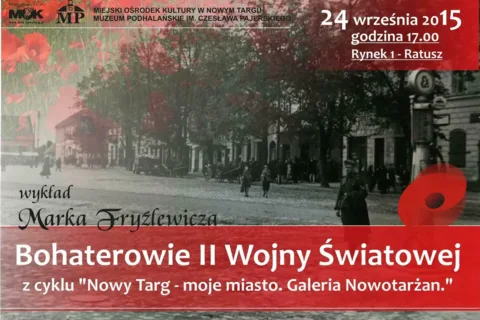 Bohaterowie II Wojny Światowej - wykład Marka Fryźlewicza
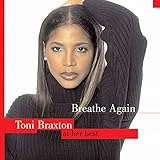 Breathe Again: Toni Braxton at Her Best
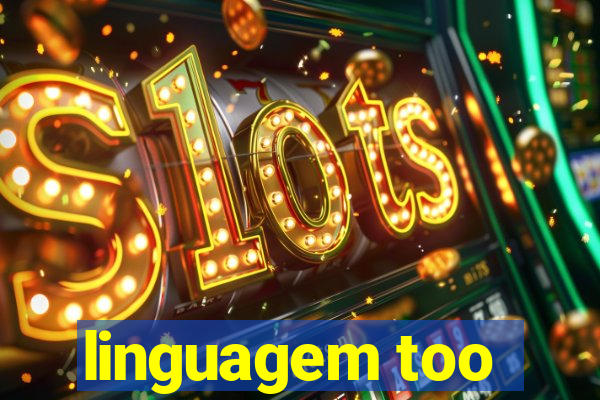 linguagem too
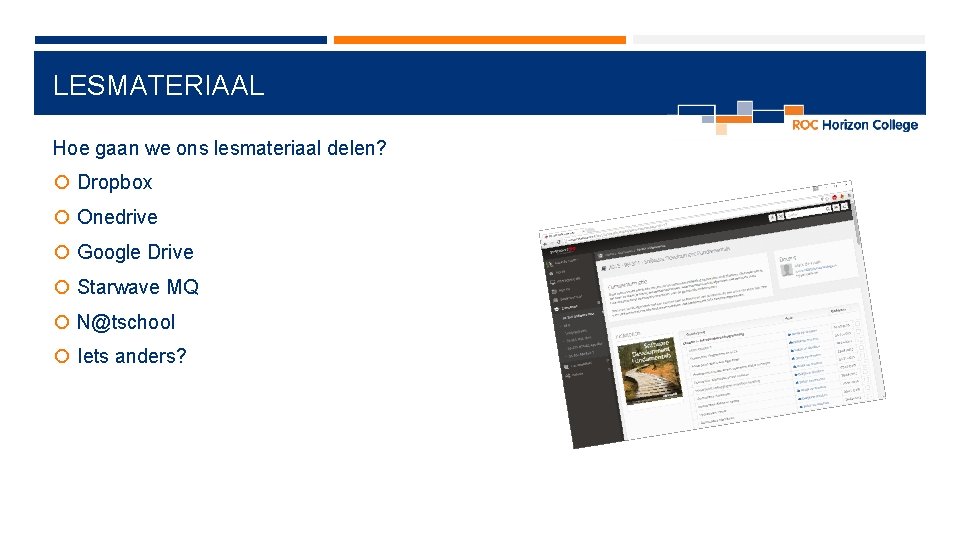 LESMATERIAAL Hoe gaan we ons lesmateriaal delen? Dropbox Onedrive Google Drive Starwave MQ N@tschool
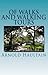 Of Walks And Walking Tours by Arnold Haultain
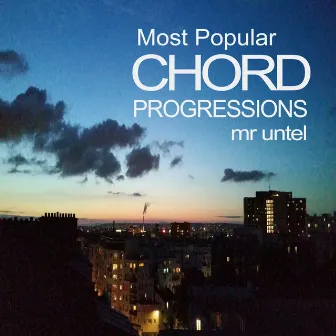 Most Popular Chord Progressions by Mr. Untel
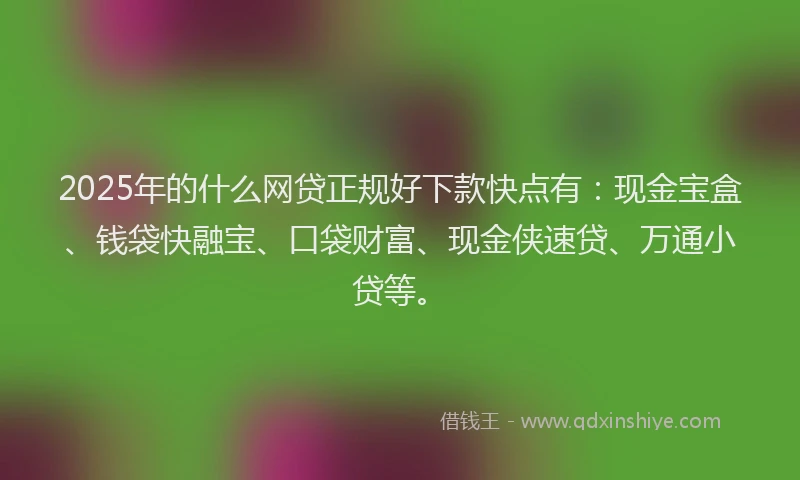 2025年的什么网贷正规好下款快点有：现金宝盒、钱袋快融宝、口袋财富、现金侠速贷、万通小贷等。
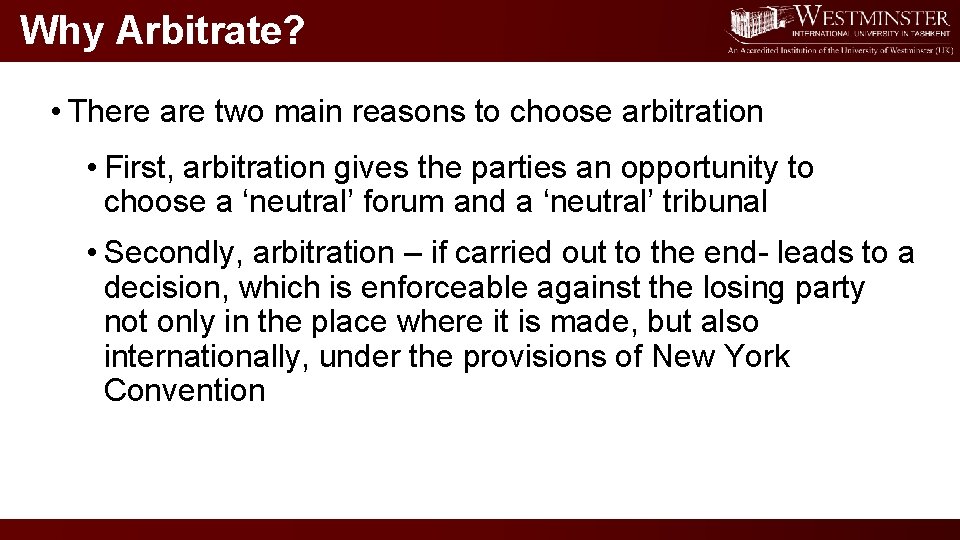 Why Arbitrate? • There are two main reasons to choose arbitration • First, arbitration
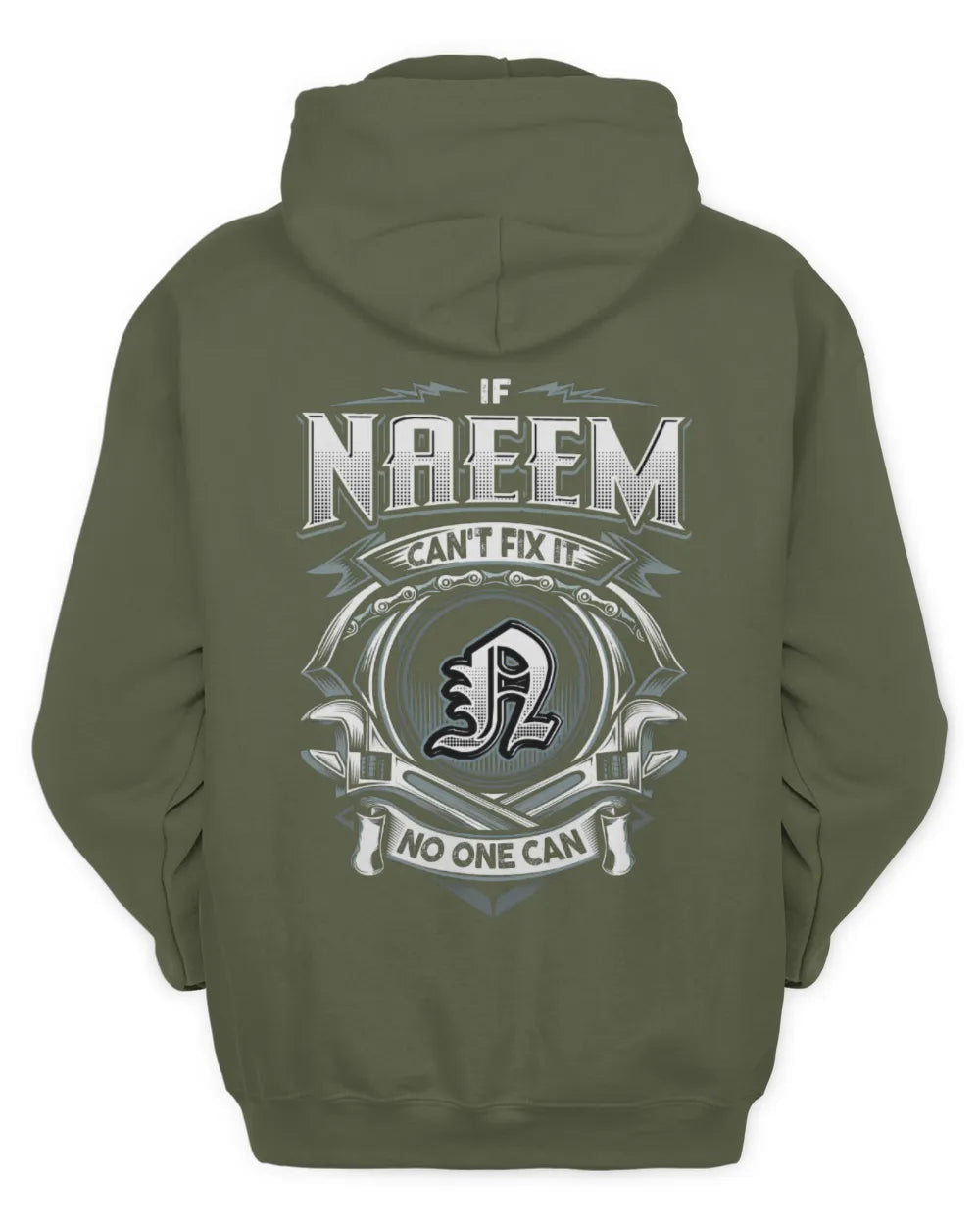 NAEEM AP81-K4-626 - Personalized Ahmed Quote Apparel “If Ahmed Can't Fix It, No One Can” - Unisex Hoodie - Military Green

· · ·

## Assigned task:
Copy everything in the records above except the pictures, exactly as written.

## Completed exercise:
 Bohaterowie II Wojny Światowej - wykład Marka Fryźlewicza
 Breathe Again: Toni Braxton at Her Best
 linguagem too
 LESMATERIAAL Hoe gaan we ons lesmateriaal delen? Dropbox Onedrive Google Drive Starwave MQ N@tschool
 Of Walks And Walking Tours by Arnold Haultain
 Most Popular Chord Progressions by Mr. Untel
 2025年的什么网贷正规好下款快点有：现金宝盒、钱袋快融宝、口袋财富、现金侠速贷、万通小贷等。
 Why Arbitrate? • There are two main reasons to choose arbitration • First, arbitration
 NAEEM AP81-K4-626 - Personalized Ahmed Quote Apparel “If Ahmed Can't Fix It, No One Can” - Unisex Hoodie - Military Green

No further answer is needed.